Pilou Asbaek dans Overlord.
Pilou Asbaek dans Overlord.© ISOPIX

Mon cerveau n’est donc pas complètement éteint. En principe, devant un film, il devrait fonctionner en mode passif, se contenter de downloader des données à traiter plus tard. Or, là, il surchauffe à fabriquer des hyperliens. Pour tout dire, devant Overlord, je n’ai pas ressenti que de la nostalgie pour le jeu Medal of Honor et, par extension, Wolfenstein (auquel j’ai beaucoup moins joué). Il m’est aussi venu en tête des questions que je ne me serais jamais posées il y a seulement quelques semaines. De vraies ruminations de snowflakes: est-ce bien éthique de transformer une réalité aussi traumatisante que le débarquement de Normandie de 1944 en pop-corn révisionniste? N’est-ce pas honteux de se baser sur les horribles expériences du Docteur Mengele et de ses séides pour tartiner du scénario de comic book avec des nazis immortels, du moins tant qu’on ne leur balance pas un bâton de dynamite entre les roubignoles? Et pourquoi avoir attendu 2018 pour donner les rôles principaux d’un film de guerre à un jeune afro-américain et à une femme? Les 10 Salopards & les 2 Connasses, ça aurait pu être pas mal pourtant, non? Ou Les Canons de Navarone avec Raquel Welsh à la place de Gregory Peck… Et Overlord 2, on le fait dans les catacombes de Paris en 45 ou en 46 en Forêt-Noire avec les divisions Werwolfs qui seraient de vrais loups-garous?

Mon cerveau n’accepte tout simplement plus la détente à l’ancienne.

Bref, outre une capacité drôlement boostée à produire beaucoup d’air chaud entre mes deux oreilles, il semble en fait que depuis le confinement, mon cerveau n’accepte tout simplement plus la détente à l’ancienne. Le visionnage largement passif d’un film, peu importe qu’il soit bon ou mauvais.

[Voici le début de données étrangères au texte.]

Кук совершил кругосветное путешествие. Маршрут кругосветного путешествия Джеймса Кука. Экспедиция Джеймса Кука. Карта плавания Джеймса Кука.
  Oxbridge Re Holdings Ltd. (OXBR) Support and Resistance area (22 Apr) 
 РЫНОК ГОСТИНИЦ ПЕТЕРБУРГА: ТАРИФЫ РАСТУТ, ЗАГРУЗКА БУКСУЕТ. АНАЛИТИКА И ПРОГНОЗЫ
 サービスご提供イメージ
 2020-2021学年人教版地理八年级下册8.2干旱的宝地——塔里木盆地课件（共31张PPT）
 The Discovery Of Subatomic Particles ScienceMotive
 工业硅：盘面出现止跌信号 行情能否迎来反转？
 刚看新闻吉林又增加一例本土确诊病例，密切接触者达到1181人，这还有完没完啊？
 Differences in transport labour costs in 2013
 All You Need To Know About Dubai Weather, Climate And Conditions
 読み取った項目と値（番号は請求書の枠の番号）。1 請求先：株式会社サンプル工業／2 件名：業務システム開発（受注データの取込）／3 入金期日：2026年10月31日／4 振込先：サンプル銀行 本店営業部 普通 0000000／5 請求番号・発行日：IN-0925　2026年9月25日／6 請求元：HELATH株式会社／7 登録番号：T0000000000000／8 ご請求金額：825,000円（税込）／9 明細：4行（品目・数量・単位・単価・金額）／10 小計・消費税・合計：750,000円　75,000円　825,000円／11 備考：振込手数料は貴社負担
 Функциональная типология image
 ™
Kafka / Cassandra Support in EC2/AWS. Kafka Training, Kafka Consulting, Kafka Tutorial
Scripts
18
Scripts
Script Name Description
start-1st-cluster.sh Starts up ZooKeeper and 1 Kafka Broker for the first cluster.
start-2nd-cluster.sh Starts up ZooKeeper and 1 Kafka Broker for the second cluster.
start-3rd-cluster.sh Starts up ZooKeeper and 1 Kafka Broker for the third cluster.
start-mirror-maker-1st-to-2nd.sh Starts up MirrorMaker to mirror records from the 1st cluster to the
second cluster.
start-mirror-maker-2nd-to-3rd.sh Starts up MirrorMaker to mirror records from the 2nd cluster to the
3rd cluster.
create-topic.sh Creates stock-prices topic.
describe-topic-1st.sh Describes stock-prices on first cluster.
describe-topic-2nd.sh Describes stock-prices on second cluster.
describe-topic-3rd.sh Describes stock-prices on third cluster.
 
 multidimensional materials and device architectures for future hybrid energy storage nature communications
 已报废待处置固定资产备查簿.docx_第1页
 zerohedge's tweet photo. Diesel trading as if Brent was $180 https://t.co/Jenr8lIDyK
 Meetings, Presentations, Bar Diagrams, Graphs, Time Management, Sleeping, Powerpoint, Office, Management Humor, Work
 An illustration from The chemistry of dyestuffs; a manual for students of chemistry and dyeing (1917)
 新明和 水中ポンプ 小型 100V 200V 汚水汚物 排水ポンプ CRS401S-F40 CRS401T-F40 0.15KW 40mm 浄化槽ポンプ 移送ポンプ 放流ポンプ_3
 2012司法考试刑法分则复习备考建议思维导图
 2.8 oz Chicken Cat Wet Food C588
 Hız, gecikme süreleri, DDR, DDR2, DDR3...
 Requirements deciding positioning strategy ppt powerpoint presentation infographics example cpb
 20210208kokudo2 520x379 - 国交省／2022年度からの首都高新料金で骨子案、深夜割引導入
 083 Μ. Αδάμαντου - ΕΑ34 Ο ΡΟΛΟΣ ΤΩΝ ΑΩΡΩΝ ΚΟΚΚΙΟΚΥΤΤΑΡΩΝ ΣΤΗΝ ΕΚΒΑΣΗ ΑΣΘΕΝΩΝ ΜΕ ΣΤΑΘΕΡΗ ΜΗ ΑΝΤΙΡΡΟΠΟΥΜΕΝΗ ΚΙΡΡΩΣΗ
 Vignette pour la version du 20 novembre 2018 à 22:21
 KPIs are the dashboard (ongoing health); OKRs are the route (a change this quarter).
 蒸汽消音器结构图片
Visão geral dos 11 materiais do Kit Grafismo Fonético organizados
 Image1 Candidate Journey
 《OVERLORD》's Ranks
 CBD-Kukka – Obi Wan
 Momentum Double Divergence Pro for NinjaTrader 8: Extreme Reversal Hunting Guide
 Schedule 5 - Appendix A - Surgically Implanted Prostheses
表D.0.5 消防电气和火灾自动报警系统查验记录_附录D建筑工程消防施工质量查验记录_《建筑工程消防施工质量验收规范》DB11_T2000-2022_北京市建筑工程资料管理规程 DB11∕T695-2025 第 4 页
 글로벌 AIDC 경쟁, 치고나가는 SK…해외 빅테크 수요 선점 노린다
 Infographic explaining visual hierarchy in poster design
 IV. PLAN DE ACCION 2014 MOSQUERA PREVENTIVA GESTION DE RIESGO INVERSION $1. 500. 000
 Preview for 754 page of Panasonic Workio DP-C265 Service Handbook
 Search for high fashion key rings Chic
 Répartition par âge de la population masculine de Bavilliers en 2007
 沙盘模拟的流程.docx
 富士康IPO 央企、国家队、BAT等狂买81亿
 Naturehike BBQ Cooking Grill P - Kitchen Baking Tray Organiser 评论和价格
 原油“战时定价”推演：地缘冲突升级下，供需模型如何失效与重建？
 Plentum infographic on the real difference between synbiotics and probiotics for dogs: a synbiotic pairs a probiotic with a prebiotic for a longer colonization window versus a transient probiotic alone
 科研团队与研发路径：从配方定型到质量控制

Ce n’est pas que mon attention soit caviardée parce que constamment mobilisée par les notifications de mon téléphone ou une angoisse en roue libre pour la santé de mes proches et l’état général du monde. Je ne checke pas Twitter et Facebook constamment. Je ne lis les actualités que le matin et le soir et j’ai déprogrammé sur le smartphone la plupart des notifications, de toute façon silencieuses, longtemps avant cette crise sanitaire. Pourtant, je n’arrive plus à entrer complètement dans un film. Sans doute parce que je suis désormais habitué à traiter sur la journée différentes informations en même temps, qu’une histoire trop simple m’ennuie parce que la situation sanitaire et sociale a considérablement augmenté le taux de cortisol et d’adrénaline dans un système déjà pas mal trempé dans la caféine et l’alcool. Il faut donc que ça piffe, paffe et pouffe, et grave encore bien, sinon je n’ai pas ma dose. En fait, c’est comme si mon cerveau reprochait à un film de ne pas être aussi stimulant et réactif qu’une chaîne d’info en continu, un jeu vidéo ou un clash sur Twitter. Que les histoires trop simples m’ennuient, que j’ai désormais besoin de les habiller de vannes, de réflexions plus ou moins débiles et de digressions pour qu’elles m’apparaissent consommables. Autant dire qu’à ce train-là, dans un an ou deux, je ne trouverais plus rien à redire aux Avengers, adaptations DC Comics, Star Wars, James Bond et autres Mission Impossible. Je consommerai des films sans réel scénario, dont l’enchaînement de scènes spectaculaires ne laisse pas le temps au recul, encore moins à la réflexion. Je verrai ces trucs par nécessité plus que par plaisir, surtout pour abrutir cette voix en moi qui jacte comme un morveux hyperactif après sa sixième Vodka-Red Bull. Oh, mais hé! Est-ce que je ne viendrais pas en fait tout simplement d’enfin comprendre le cinéma du XXIe siècle? Merci le confinement!